Thania baru sempat mendelik kesal tanpa berkata apapun dan Andrea sudah kembali menambahkan.

"Itu artinya Thania sayang sama Nathan dan dia merasa dirinya ngebebanin Nathan, Nci," kata Andrea kepada Riyo sebelum berbalik kepada Thania, "Dan itu artinya lo harus bilang Nathan perasaan lo yang sebenarnya, minta maaf untuk kata-kata kasar lo semalem, dan minta dia balik sama lo lagi."

Thania memejamkan mata dan menahan sesak di dadanya, "Gue nggak akan ngomong sama Nathan lagi, sama sekali." katanya dengan suara bergetar. Thania merasa perutnya menegang dan tertusuk-tusuk bersamaan karena tekanan perasaan yang dialaminya, "Gue nggak minta kalian berdua datang ke sini untuk merayu gue balik sama Nathan. Gue cuma butuh kalian di sini supaya gue nggak merasa sendirian. Dan kalau kalian nggak berniat bantu gue, mending kalian berdua tinggalin gue sendiri di sini."

Thania terduduk lemas di sofanya. Wajahnya memucat sementara tangannya mengusap perutnya yang terasa menegang sementara napasnya terasa sesak dan tidak beraturan.

Andrea dan Riyo saling berpandangan dengan khawatir sebelum duduk menghampiri Thania dan mengusap pundaknya.

"Lo kenapa? Jangan bikin gue takut, Ta," kata Andrea mengusap perut dan lengan Thania dengan kedua tangannya.

"Kita ke rumah sakit sekarang ya?" kata Riyo yang duduk di sisi berlawanan dari Andrea.

Thania menggeleng pelan sambil berusaha mengatur napasnya.

"Ini belum masuk waktu persalinan kan?" tanya Riyo khawatir.
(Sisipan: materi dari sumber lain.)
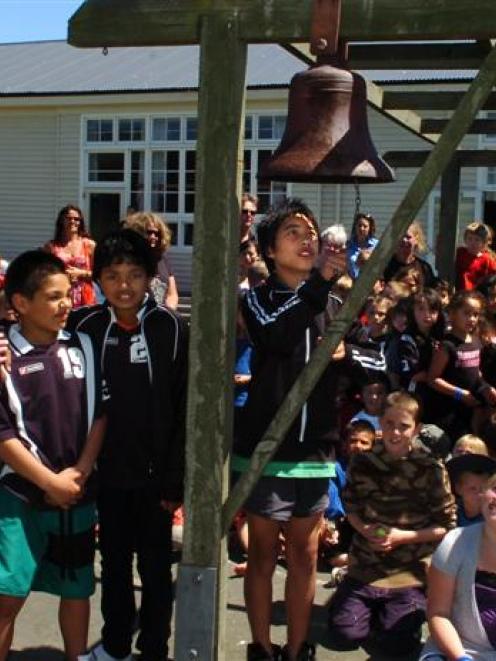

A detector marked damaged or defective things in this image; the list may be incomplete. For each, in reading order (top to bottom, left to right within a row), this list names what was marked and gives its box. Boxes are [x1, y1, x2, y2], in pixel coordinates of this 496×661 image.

rusty metal bell [260, 61, 396, 183]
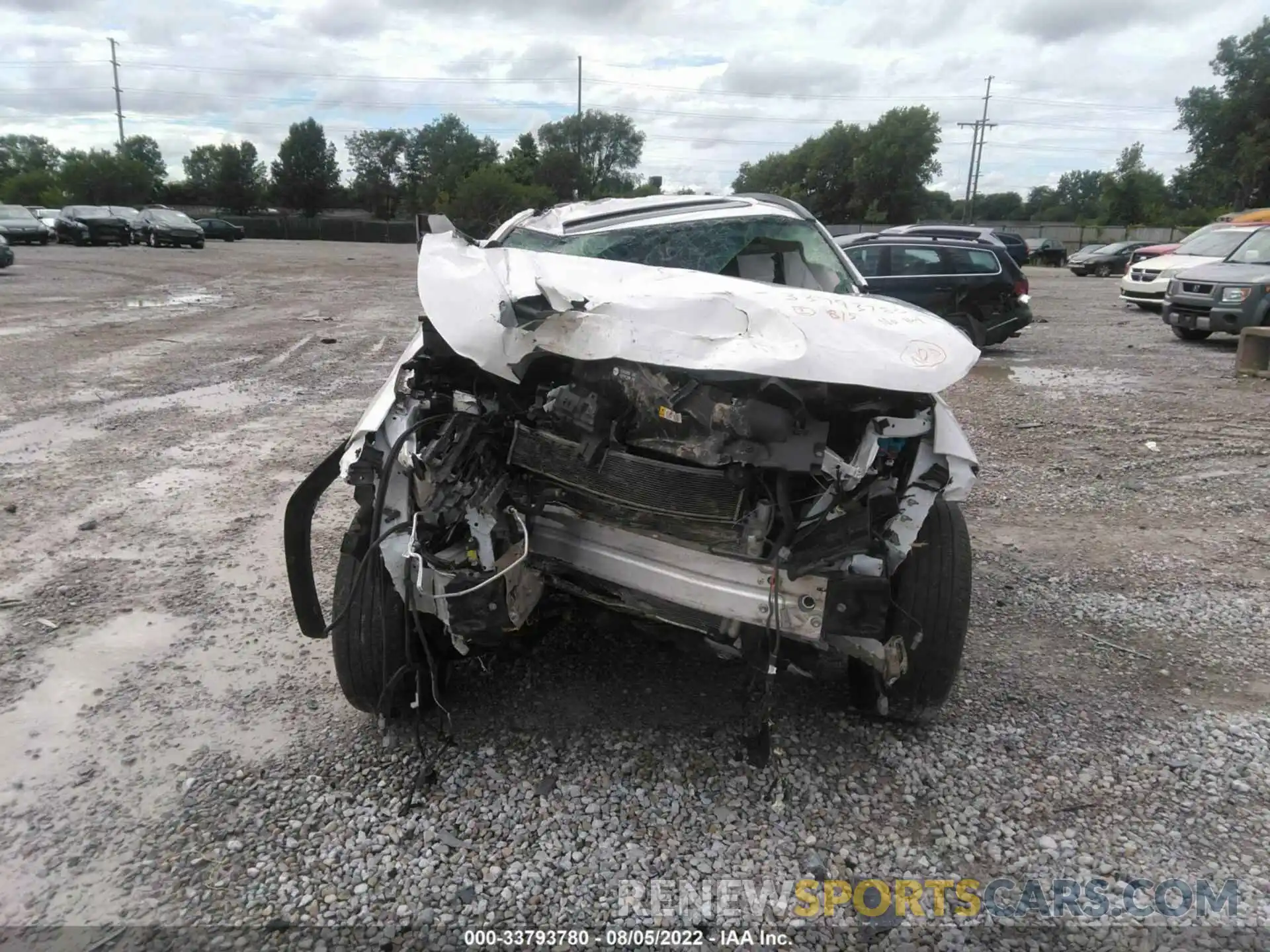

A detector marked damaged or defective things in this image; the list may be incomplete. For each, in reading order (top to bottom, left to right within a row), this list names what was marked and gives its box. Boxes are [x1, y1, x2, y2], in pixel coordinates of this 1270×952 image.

Thania kembali menggeleng, "Gue nggak apa-apa. Waktu bersalin gue masih tiga minggu lagi."

Riyo dan Andrea sama-sama menghela napas lega. Pasalnya tidak ada satupun dari mereka yang memiliki pengalaman sama sekali. Thania adalah teman pertama mereka yang akan menjadi seorang ibu.

"Gue nggak mau kalian ngomongin Nathan lagi. Gua nggak mau dengar tentang dia lagi." kata Thania masih dengan wajah pucatnya.

Andrea dan Riyo kembali saling memberikan pandangan pasrah. Sepertinya tidak ada yang dapat mereka lakukan untuk memperbaiki hubungan sahabat mereka dengan ayah bayi dalam kandungannya.